SCHENECTADY — The Schenectady Foundation is increasing support for a community fund that helps food access, housing, family services and more during the COVID-19 crisis.
The Rebuilding Families Fund started off with $100,000 from the foundation in March. Executive Director Robert Carreau said they can now contribute another $50,000 in dollar-for-dollar donation matches. “We’re entirely dedicated to this process and we have to be careful with our own resources of course, but we’re in this one hundred percent,” Carreau said. “We’re going to continue to provide whatever assistance the community needs to see its way through this.”
In March, the foundation helped form the Schenectady Emergency Response Coalition to unify community relief efforts.
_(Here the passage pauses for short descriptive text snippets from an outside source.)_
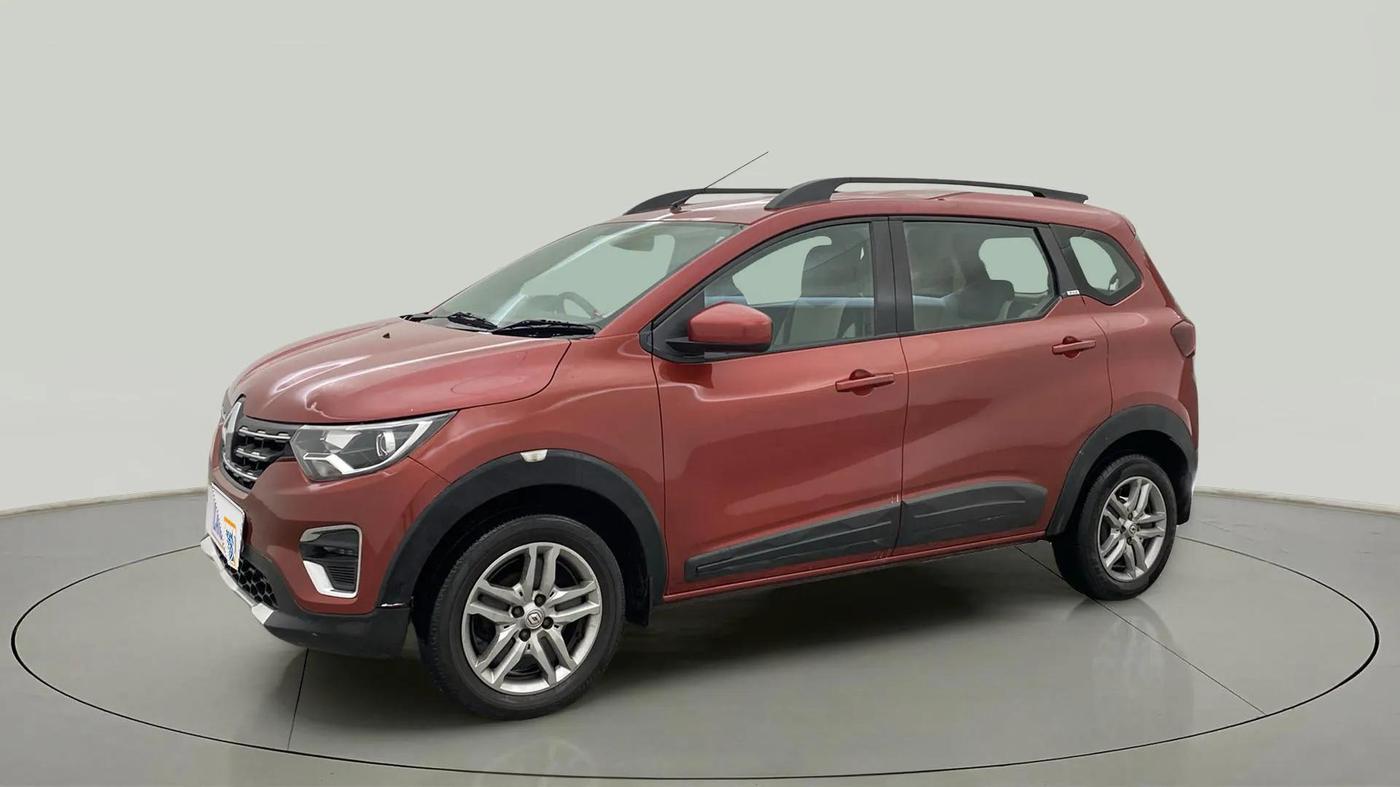 2020 Renault TRIBER RXZ, Petrol, Manual, 46,808 km, Left Front Diagonal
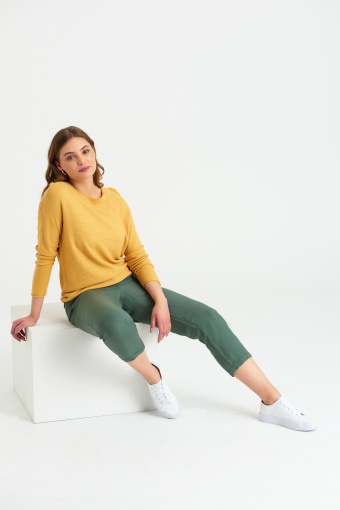 Lniane spodnie z gumką w pasie, kolor khaki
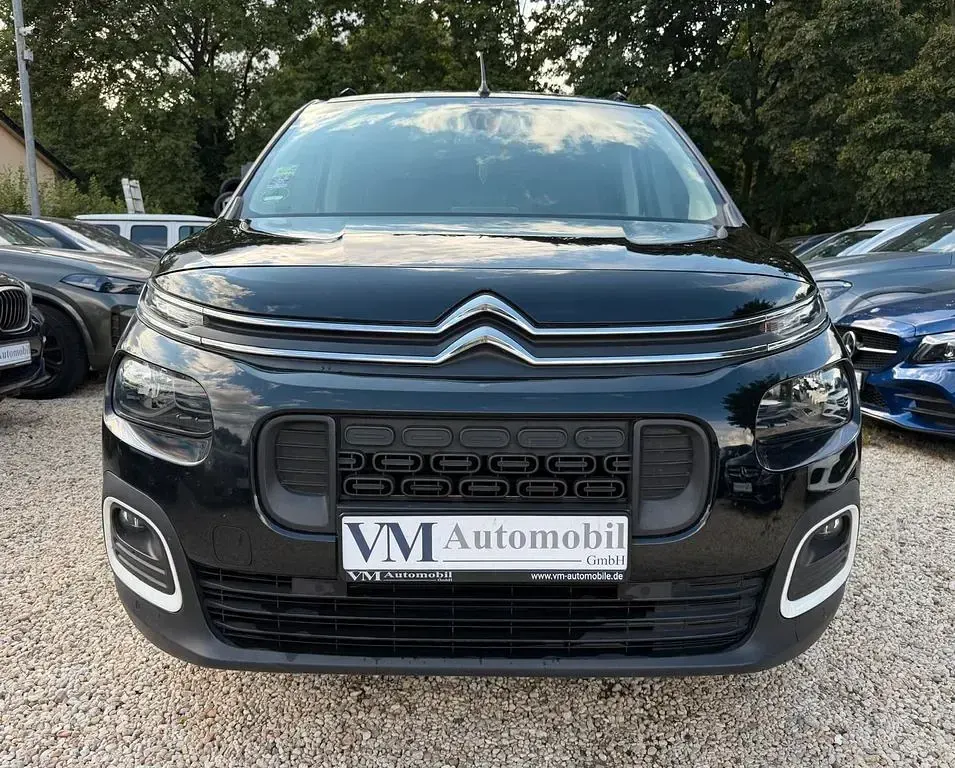 Gebraucht Citroën Berlingo Shine 131 PS (96 kW) 2021 Schwarz Van / Kleinbus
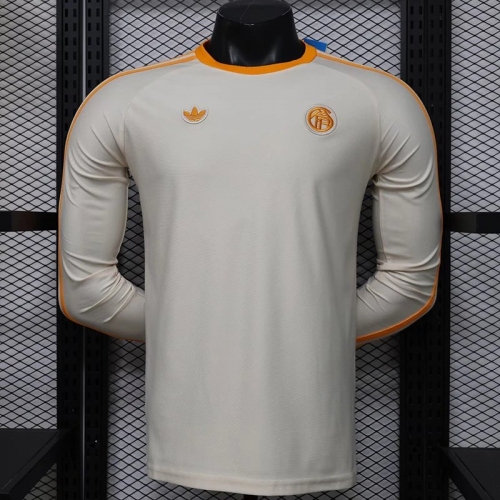 26/27 Bayern Beige White Player Version Long Sleeve Retro Soccer Jersey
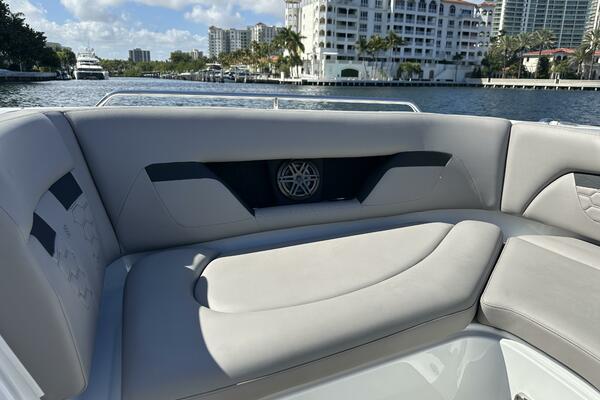 26ft Four Winns Yacht For Sale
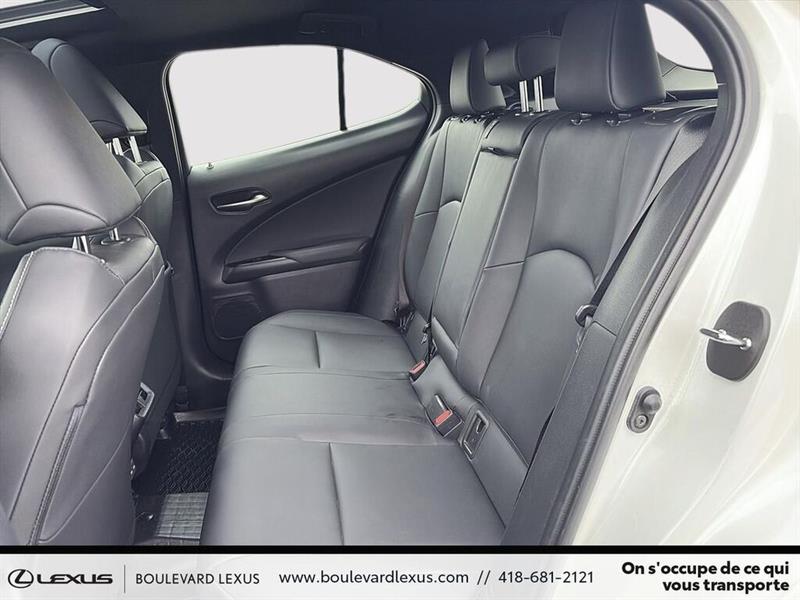 lexus UX 2023 - 20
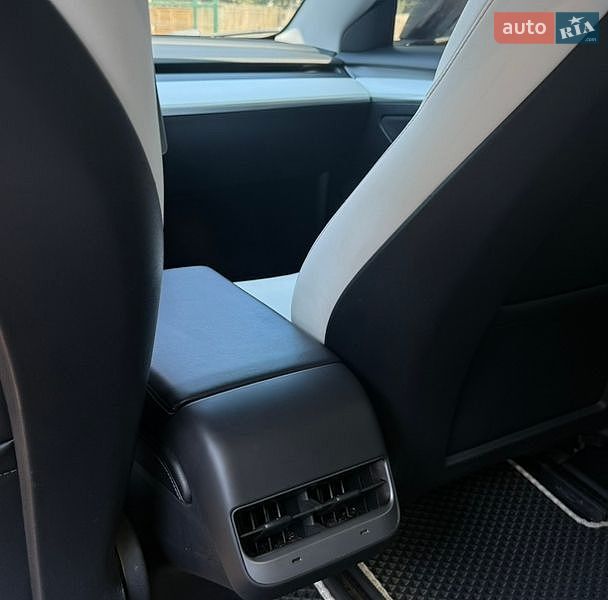Седан Tesla Model 3 2021 в Кривому Розі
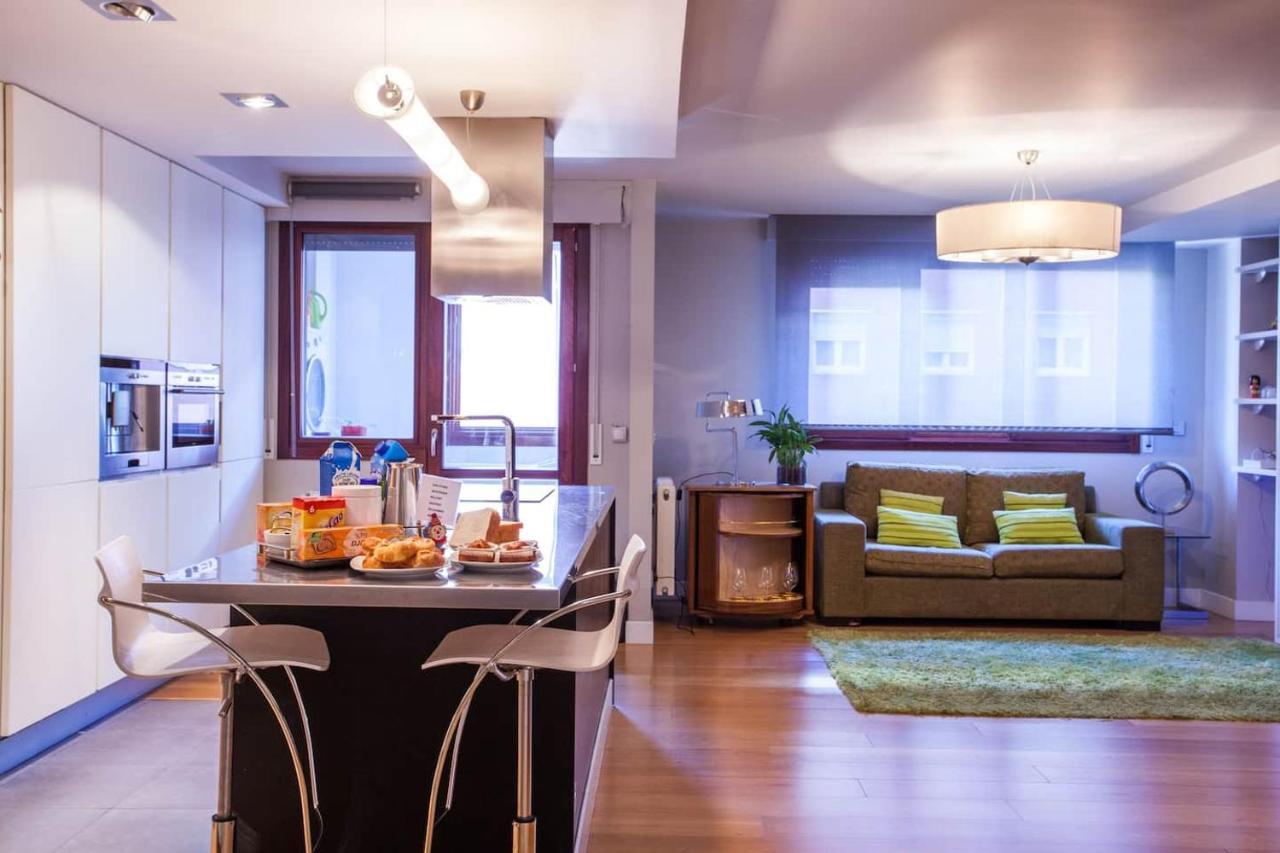 Apartamento Piso Moderno, Céntrico Y Con Garaje Gratis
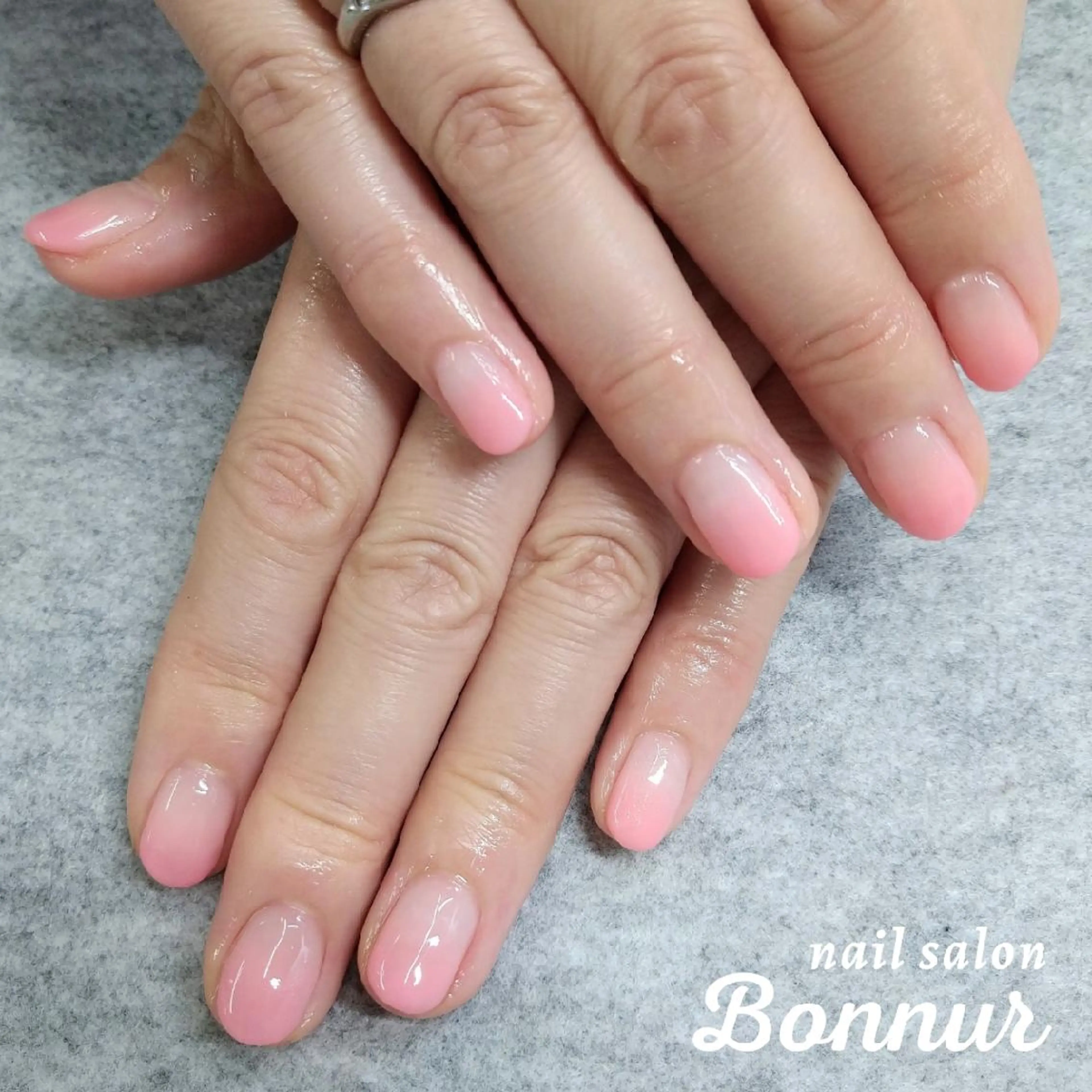 ネイル グラデーション RuHE （BB nail)のネイルデザイン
That coalition includes county government as well as organizations that help the needy like the Schenectady City Mission. Through one unified relief hotline, 518-621-3536, people can call to ask for items and services they need or get information on the coronavirus. Carreau said they’ve taken over 18,000 calls from the community so far, and he doesn’t expect that to stop soon.
“We see that even if the health crisis subsides, and hopefully it will sooner than later, the need of families is going to continue,” said Carreau. “It’s going to have a longer decay time.”
They’ve already committed $227,000 from the Rebuilding Families Fund to various relief organizations like the Regional Food Bank of Northeastern New York or Schenectady ARC.
“All these organizations are going to have to sort of reimagine how they deliver services in a different way, and it’s not going to cost less, it’s going to cost more,” said Carreau.
The Carlilian Foundation, another philanthropic Schenectady organization, donated $25,000 to the Rebuilding Families Fund. Much of the rest of the funding has come from individuals, Carreau said.
The biggest recipient of the fund has been the Regional Food Bank, which provides the food that gets packed into bags and delivered around Schenectady by members of the National Guard. Now, since the Food Bank is set to receive $4.3 million from the state to buy farm produce, Carreau said the Rebuilding Families Fund may focus on other community needs like housing and childcare.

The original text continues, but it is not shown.